After examination of the complaint and of the judgment rolls attached thereto and made a part thereof, we conclude that insufficient facts are alleged to show extrinsic fraud in procuring the judgment rendered July 10, 1940. It follows that the judgment would constitute a bar to an action to surcharge the executor's accounts on account of the sale of the shares of stock authorized and approved by that judgment.

Estoppel by judgment is a matter of defense and ordinarily must be pleaded, but this rule does not apply where all the facts necessary to constitute an estoppel are set out in the complaint for the purpose of attack. Alston v. Connell, 140 N.C. 485, 494, 53 S.E. 292; 120 A.L.R. 110n.
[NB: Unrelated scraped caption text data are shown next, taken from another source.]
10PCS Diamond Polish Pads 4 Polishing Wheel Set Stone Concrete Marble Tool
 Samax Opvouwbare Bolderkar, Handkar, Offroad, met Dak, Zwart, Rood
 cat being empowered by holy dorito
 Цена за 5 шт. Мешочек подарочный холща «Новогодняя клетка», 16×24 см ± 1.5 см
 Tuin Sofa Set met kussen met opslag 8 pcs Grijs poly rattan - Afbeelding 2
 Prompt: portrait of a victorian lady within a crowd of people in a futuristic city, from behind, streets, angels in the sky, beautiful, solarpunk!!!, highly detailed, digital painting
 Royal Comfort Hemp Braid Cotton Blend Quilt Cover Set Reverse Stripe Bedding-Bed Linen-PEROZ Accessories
Here the plaintiff in order to raise the question has inserted the judgment roll in his complaint and at the same time set out allegations attacking the validity of the judgment in the effort to have it declared void and of no effect. The defendant has moved to strike these allegations on the ground that the matters alleged have been determined by the judgment. Thus both parties have squarely presented the question for our decision whether the allegations sought to be stricken are sufficient for the purpose intended.

The case is here on motion to strike. The statute G.S. § 1-153 authorizes the court to strike from a pleading irrelevant or redundant matter. Rhodes v. Jones, 232 N.C. 547, 61 S.E.2d 725; Poovey v. City of Hickory, 210 N.C. 630, 188 S.E. 78. See 29 N.C. Law Review 1, where this statute is discussed and pertinent decisions cited. And the right of the defendant to strike portions of a complaint which are insufficient to state a cause of action attempted to be set up is upheld in Patuxent Development Co. v. Bearden, 227 N.C. 124, 41 S.E.2d 85, upon the view that such allegations are in fact "irrelevant." If the complaint be wholly insufficient to *371 state a cause of action, objection should be raised by demurrer; but when only a portion of the pleading or certain paragraphs are insufficient for the purpose for which they are inserted, relief may properly be had by motion to strike the objectionable paragraphs. Thalhimer, Inc., v. Abrams, 232 N.C. 96, 59 S.E.2d 358.

For the reasons stated we think the motion to strike from the complaint the portions designated should have been allowed, with right to the plaintiff to amend his complaint or file an amended complaint if so advised.